--- START ---
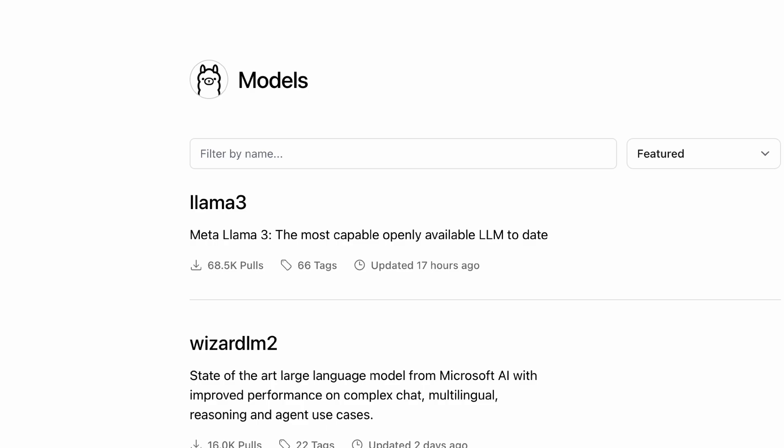I hope you go ahead and install Ollama, play around with Llama 3, and let me know what you think about it. That's it for this video and I'll see you in the next one.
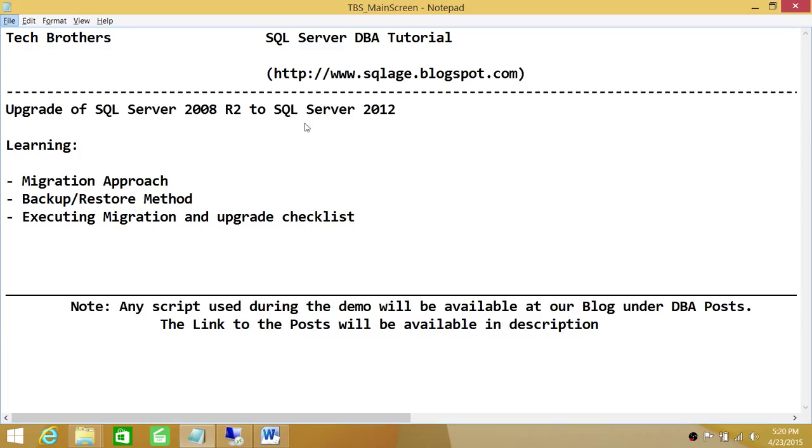The other action is we are upgrading from 2008 R2 to 2012. These are two actions that we're going to complete, and the approach will be Migration Approach.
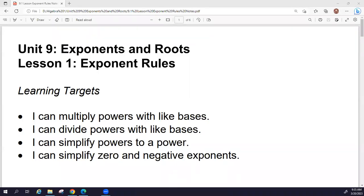Hey all, today we are going to talk about exponent rules. This is something that we have discussed in the past. We are going to review quickly a few that we've discussed before, and then we are going to do a new one.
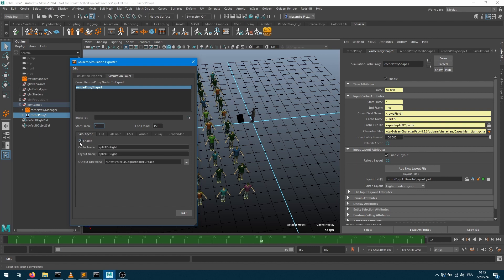But you also have a simulation cache tab which is available to you. So we can enable that. Simulation cache means that you can bake out a cache which already exists but bake it with different options.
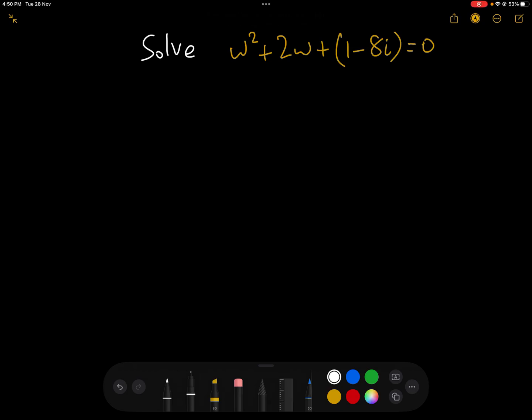This is quite an interesting little problem because it looks like this is relatively straightforward — a quadratic that we need to solve. But in actual fact there's a twist as we'll see in a minute. We've got w squared + 2w + 1 − 8i = 0, where i is the square root of minus 1, so we know that this is a complex quadratic. But we can still use the quadratic formula.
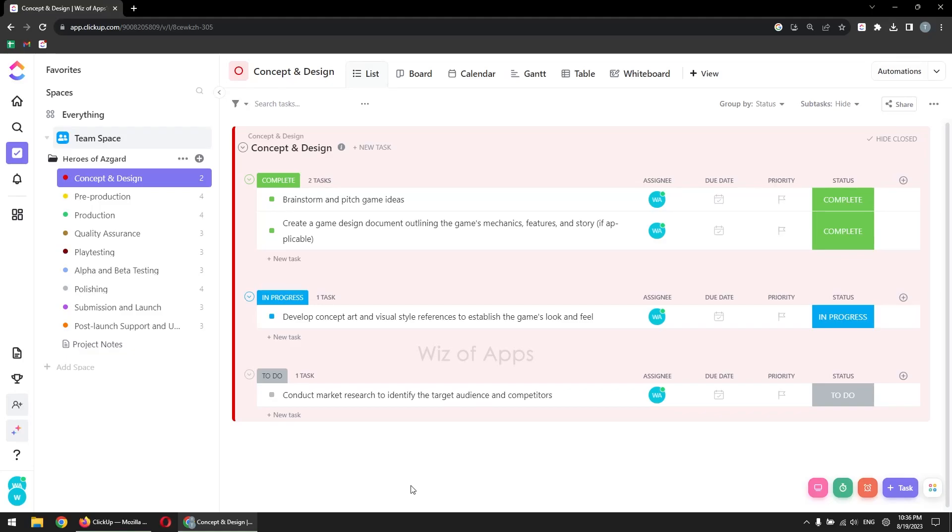In this video, I will be showing you how to turn a task into a milestone on ClickUp. Milestones are essential markers in any project, helping you track progress and achieve your goals effectively.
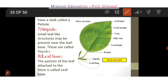So this was about the parts of a leaf. Hope you liked the video. Please don't forget to subscribe to my channel and hit the bell icon so that you will get all the new notifications of my upcoming videos. Thank you for watching.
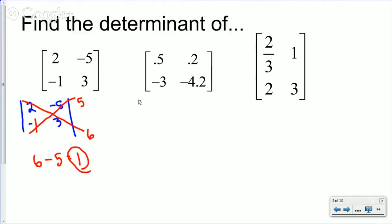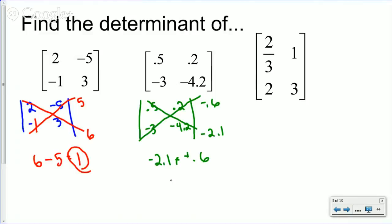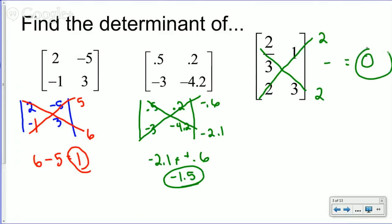Next example: the matrix [0.5, 0.2; -3, -4.2]. Multiply across: negative 3 times 0.2 is negative 0.6, and 0.5 times negative 4.2 is negative 2.1. Take the bottom minus the top: negative 2.1 minus negative 0.6 gives negative 1.5. For the third example with the determinant already indicated, 2 times 1 is 2, and 2/3 times 3 is 2. Two minus 2 is 0.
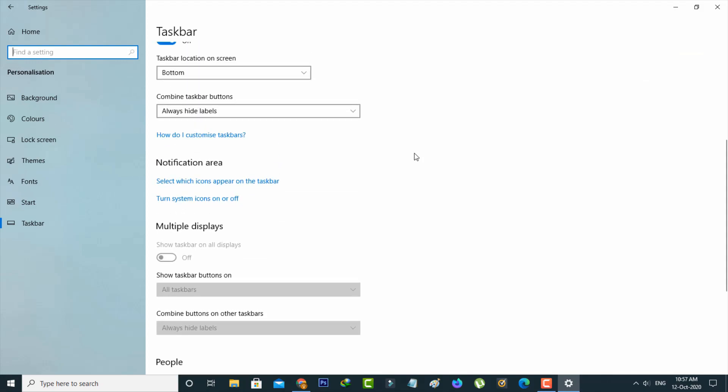And then click to open turn system icons on or off. It is placed under the notification area.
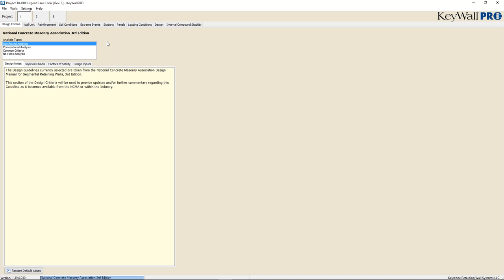We want to be respectful of everybody's time, so we're going to conclude today's webinar. If your question was not answered, a Keystone representative will reach out to you within 24 hours. When the webinar ends, a survey will appear — please take a few minutes to fill it out as we are always looking for ways to improve. A follow-up email will be sent out tomorrow to all attendees containing a recording of today's webinar, which you can review or share with a colleague. Thank you for joining us, and have a great day.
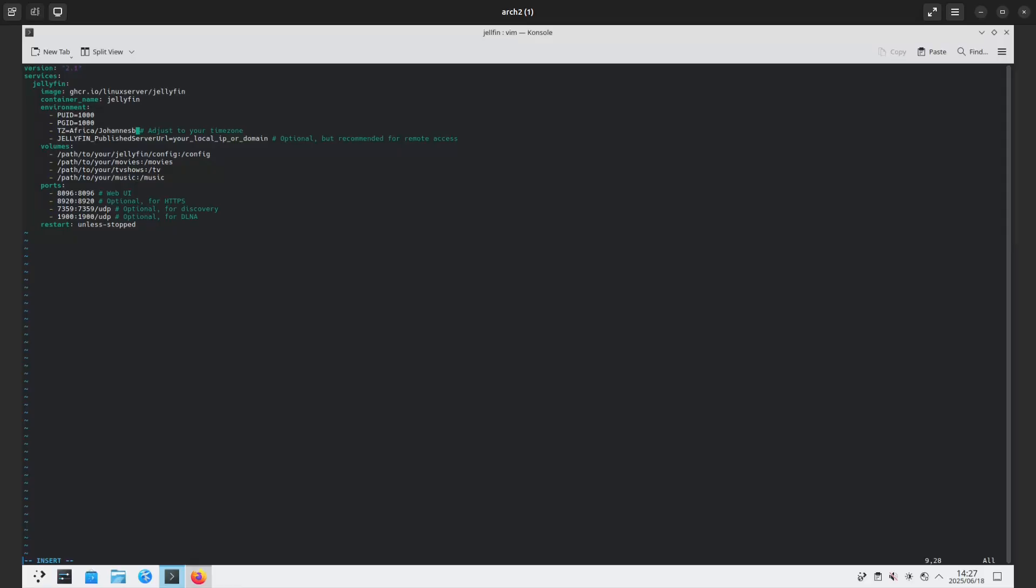Which is Africa/Johannesburg. And for the Jellyfin publish server URL, I don't even know what the IP address of this machine is.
--- END ---
__Exercise directions__
With the pictures excluded, restate word for word each line from the one that contains "Next example: the" through the last line of the listing above.

__Answer to this exercise__
Next example: the matrix [0.5, 0.2; -3, -4.2]. Multiply across: negative 3 times 0.2 is negative 0.6, and 0.5 times negative 4.2 is negative 2.1. Take the bottom minus the top: negative 2.1 minus negative 0.6 gives negative 1.5. For the third example with the determinant already indicated, 2 times 1 is 2, and 2/3 times 3 is 2. Two minus 2 is 0.
And then click to open turn system icons on or off. It is placed under the notification area.
We want to be respectful of everybody's time, so we're going to conclude today's webinar. If your question was not answered, a Keystone representative will reach out to you within 24 hours. When the webinar ends, a survey will appear — please take a few minutes to fill it out as we are always looking for ways to improve. A follow-up email will be sent out tomorrow to all attendees containing a recording of today's webinar, which you can review or share with a colleague. Thank you for joining us, and have a great day.
Which is Africa/Johannesburg. And for the Jellyfin publish server URL, I don't even know what the IP address of this machine is.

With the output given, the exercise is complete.